A possible reason that IGIV-C did not produce a significant benefit above placebo might be that the placebo group itself achieved a ≥50% dose reduction 63% of the time. This improvement in the placebo group may make it difficult to demonstrate additional improvement from IVIG and has been seen in other MG trials.5,12,36 This may reflect additional immunosuppressive effects of CS from relatively recent dosage changes, as the criteria for trial inclusion required at least 3 months of CS dosing before entry but only 1 month of stable CS dosing.

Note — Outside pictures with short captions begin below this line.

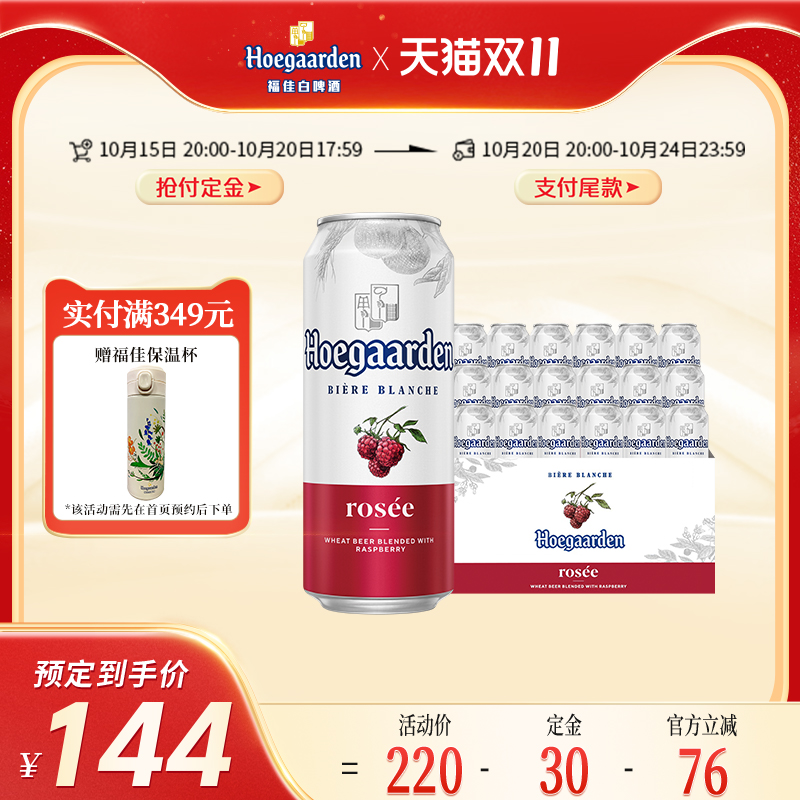 福佳玫瑰红啤酒500ml*18听果啤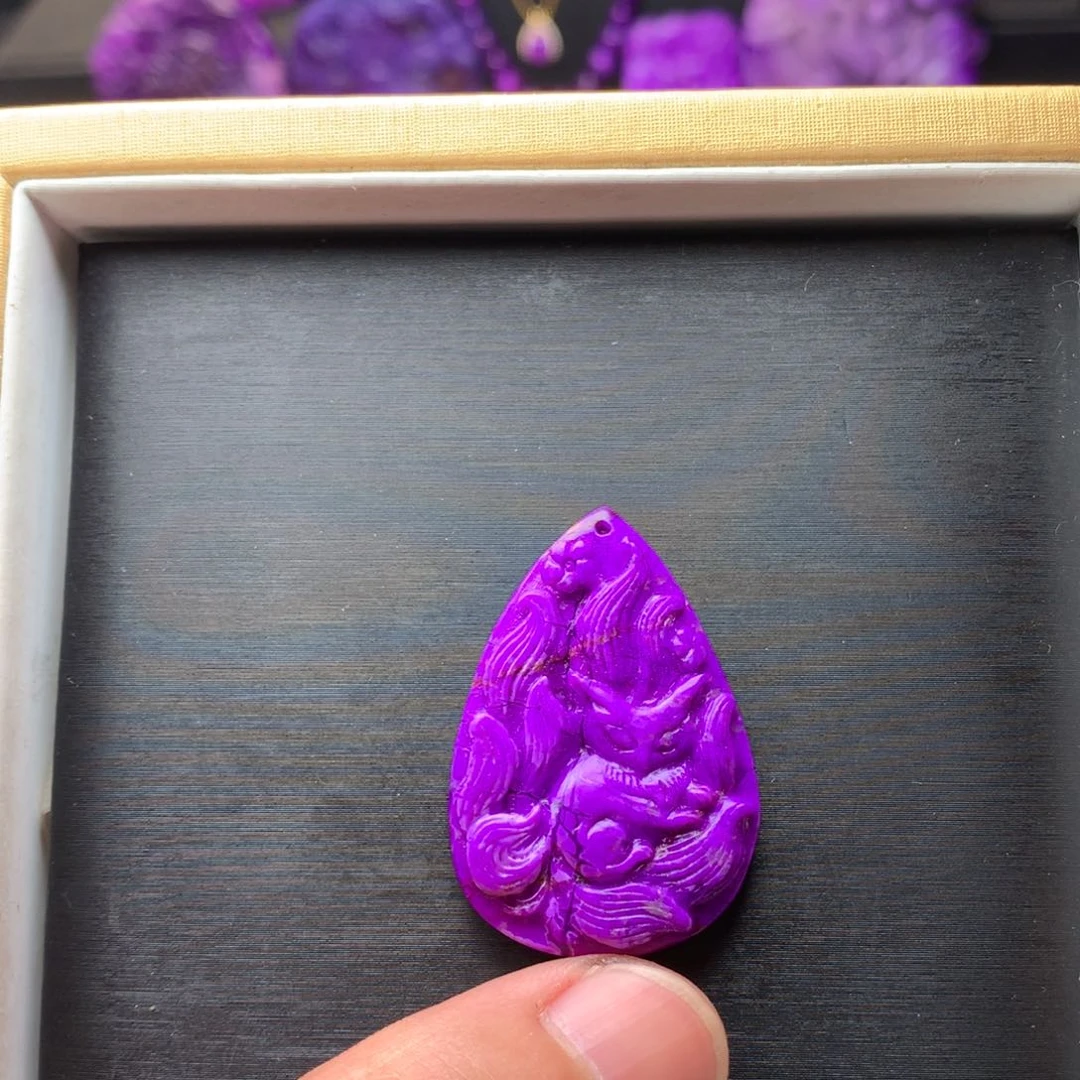 苏纪石（舒俱来）吊坠未镶嵌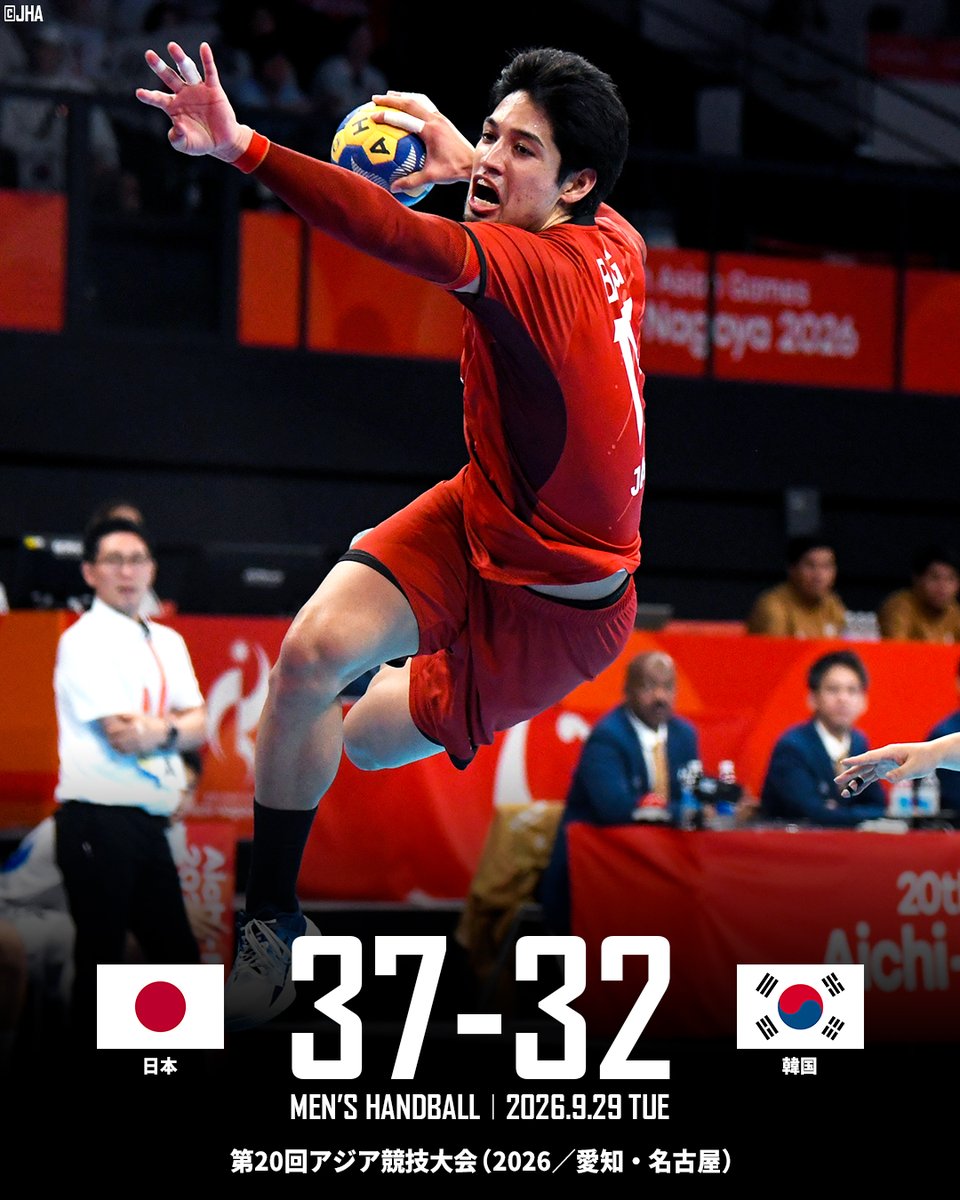 JHA_national's tweet photo. 16年ぶりのメダル獲得🔥🔥🔥

【試合終了】
日本 37-32 韓国

🏆第20回アジア競技大会 
⚔️3位決定戦
📍エントリオ
📺TBS
📡U-NEXT

#IPPO
#彗星JAPAN
#ハンドボール日本代表 https://t.co/f6mpg6R6wh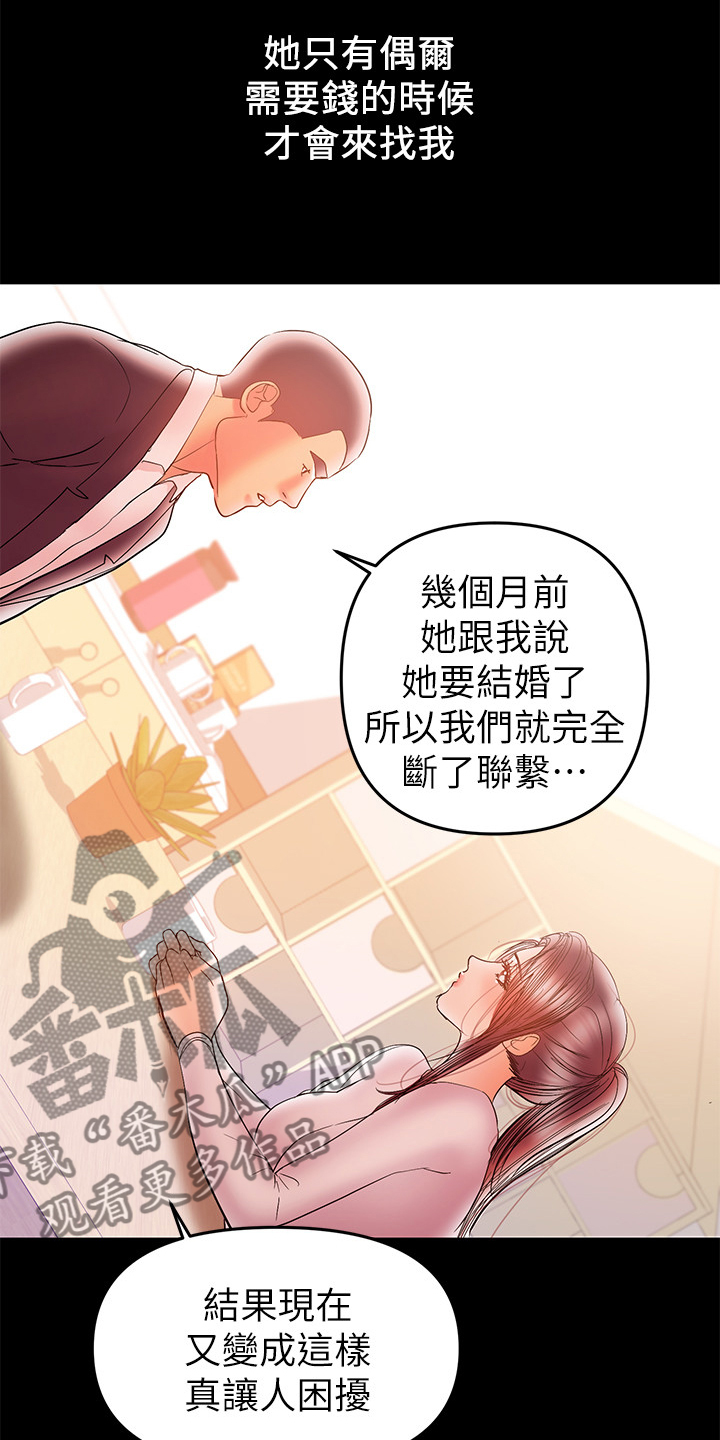 《情感空洞》第60章一个人照顾孩子 第13页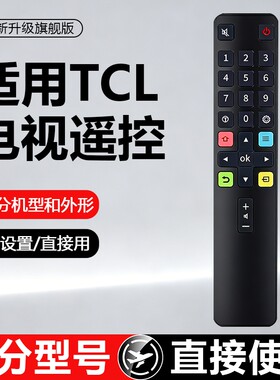 适用于TCL智能液晶电视机遥控器 红外款 蓝牙语音款 ARC801/55L68 65L68 60F60 70F60 40F6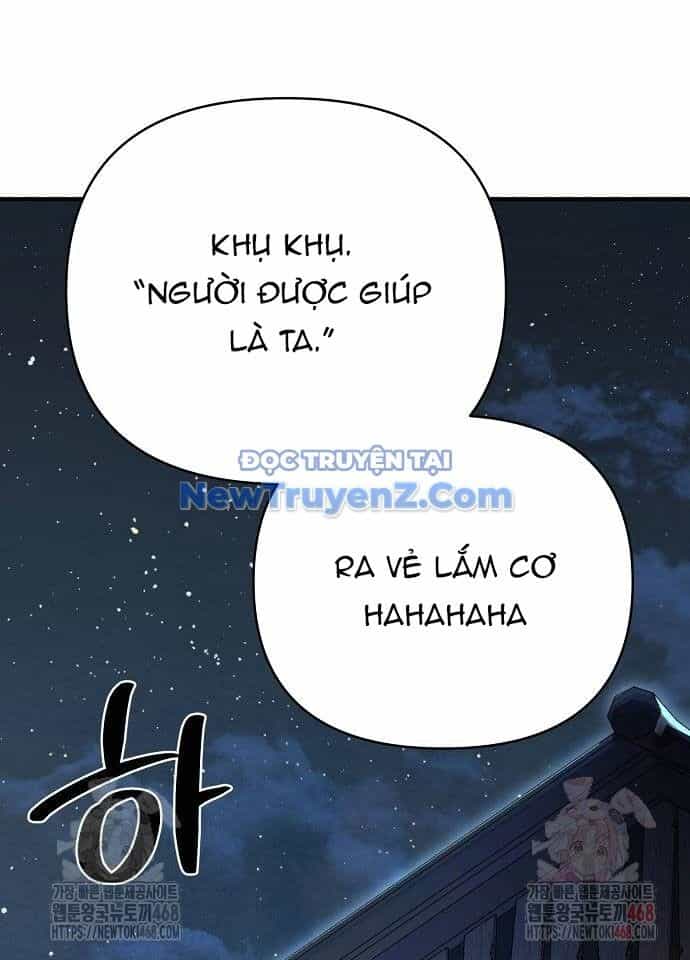 Tiểu Tử Đáng Ngờ Lại Là Cao Thủ - Chương 94 - ảnh 10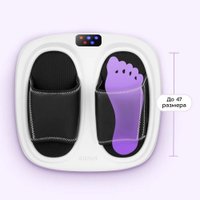 Массажер для ног Kitfort KT-5930 в Пинске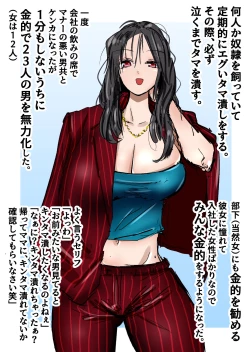 Page 25 of Kakutouka JKtachi no Kinkeri Baka Kareshi ni Kinteki Oshioki Shougatsu Tama Tsuki Onna Shachou no Kinteki Serifu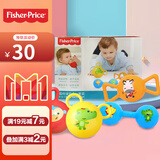 费雪(Fisher-Price)婴儿玩具摇铃球 儿童手抓训练球感知球 新生儿礼盒 摇铃球四合一套装(包装微损)
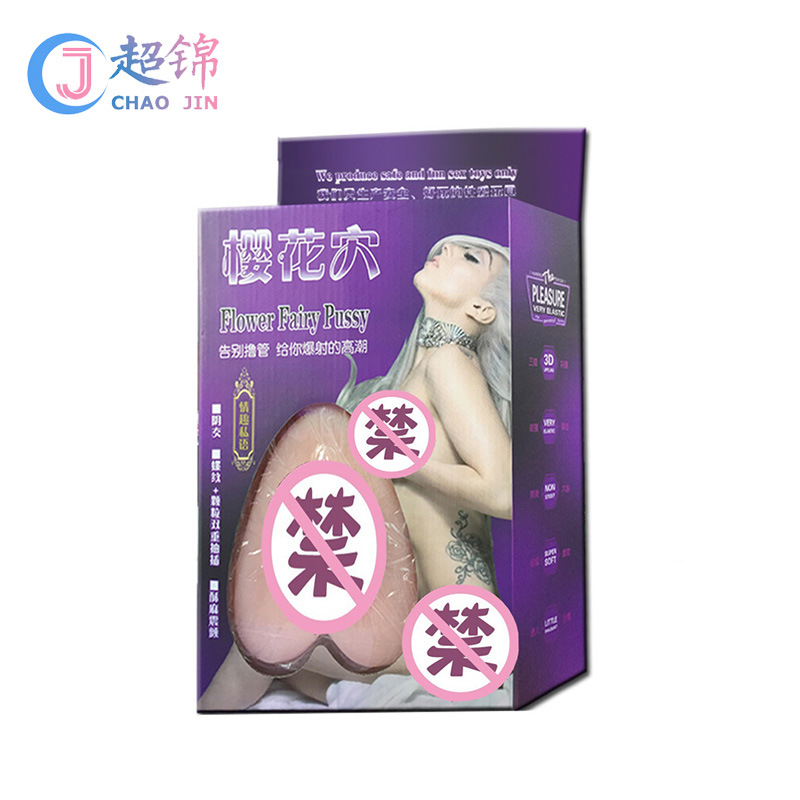 私语带毛软胶男用倒模飞机杯男性性用品批发|ms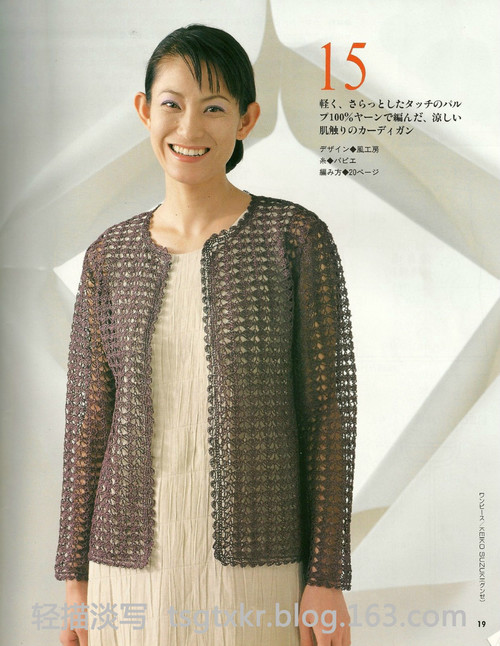 Lets Knit Series NV3763 - 輕描淡寫(xiě) - 輕描淡寫(xiě)
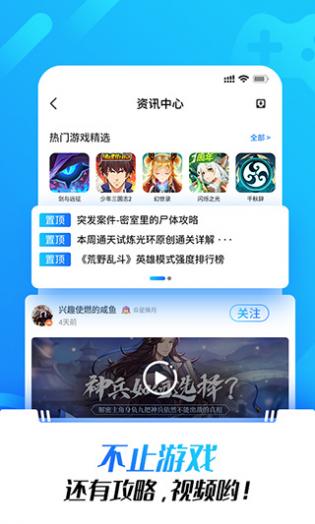 光环助手无广告版截图2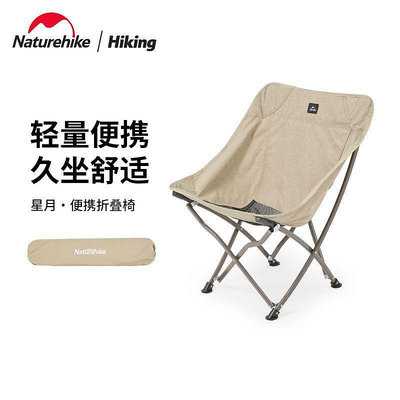 挪客 戶外便攜摺疊椅子釣魚椅露營躺椅野餐凳靠背月亮椅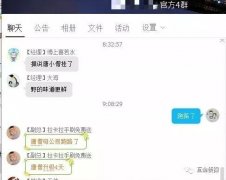 惊爆！800亿，又一家网贷平台爆雷！自称央企还玩虚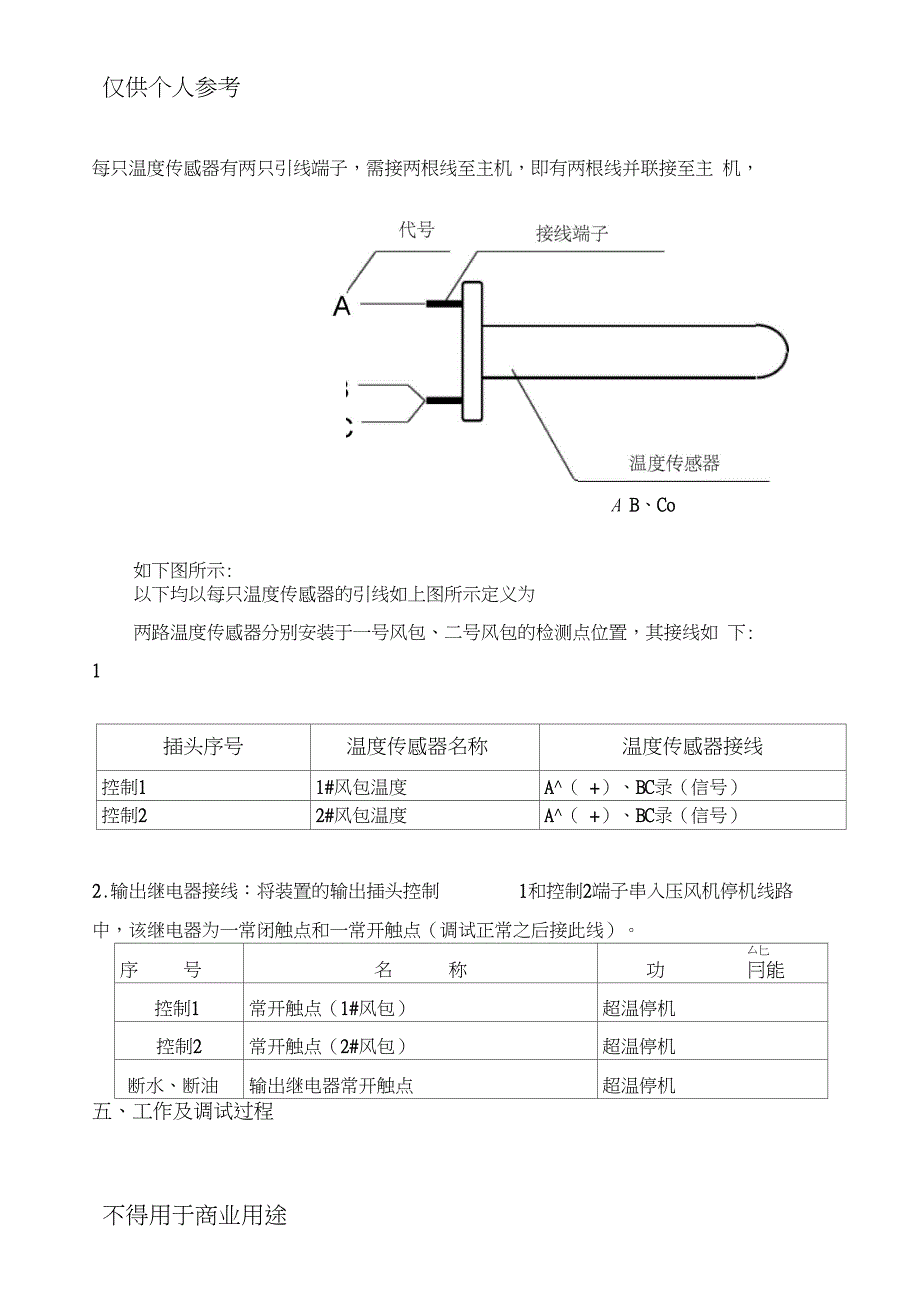 KZB5型空压机综合保护装置说明书_第5页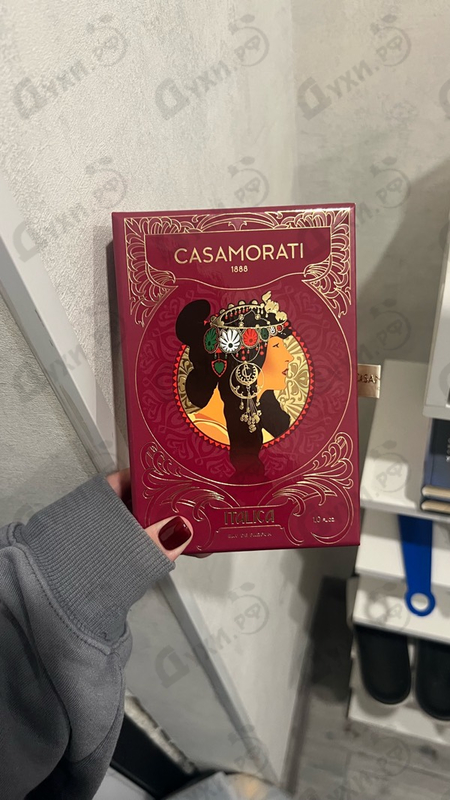 Духи Italica от Xerjoff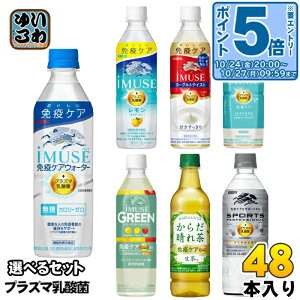 kGg[Ń|Cg5{+4{Il C~[Y iMUSE X|[c vtFbVi vY}_ @\\Hi 500ml 555ml ybg{g Iׂ 48{ (24{×2) L ǂ MǑ΍ 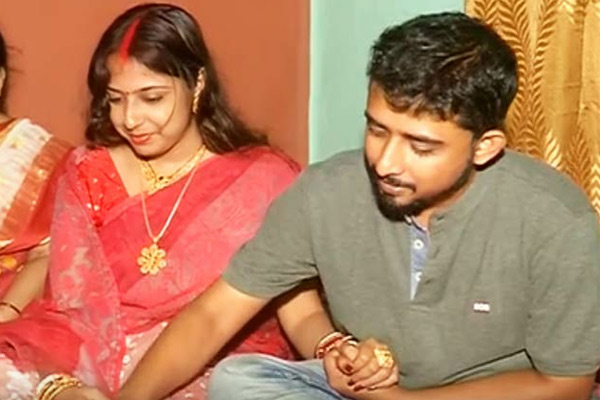 uncommon marriage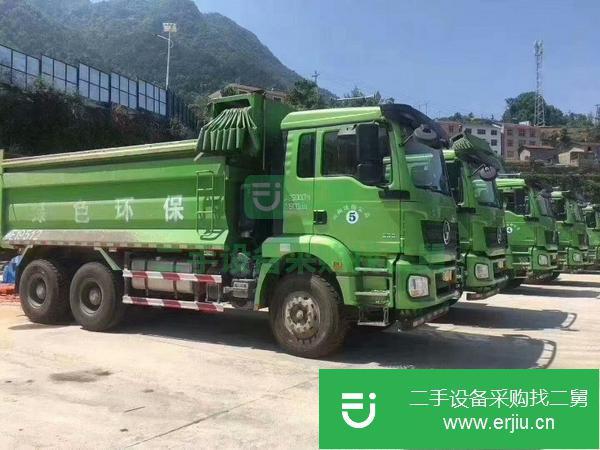 甘肅出售二手自卸車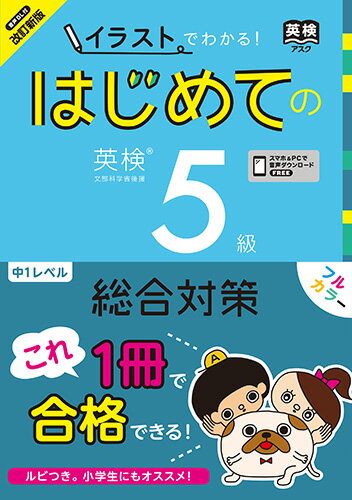 【中古】[音声DL版] 改訂新版 イラストでわかる！ はじめての英検5級総合対策（単行本（ソフトカバー））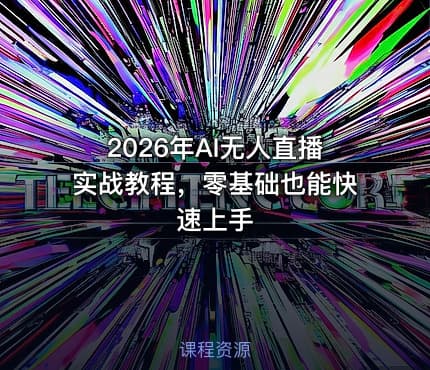 2026年AI无人直播实战教程，零基础也能快速上手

Longer durations of follow-up are sometimes feasible in retrospective studies, although these lack contemporaneous controls and also may have significant variability in patient management and evaluation periods. For example, a recent uncontrolled, retrospective study37 showed a significant reduction in CS dosing (<50%) with long-term IG dosing (subcutaneous or IV). The patients were treated for 15–78 months. This study found that CS dosing could also be reduced by other immunosuppressants.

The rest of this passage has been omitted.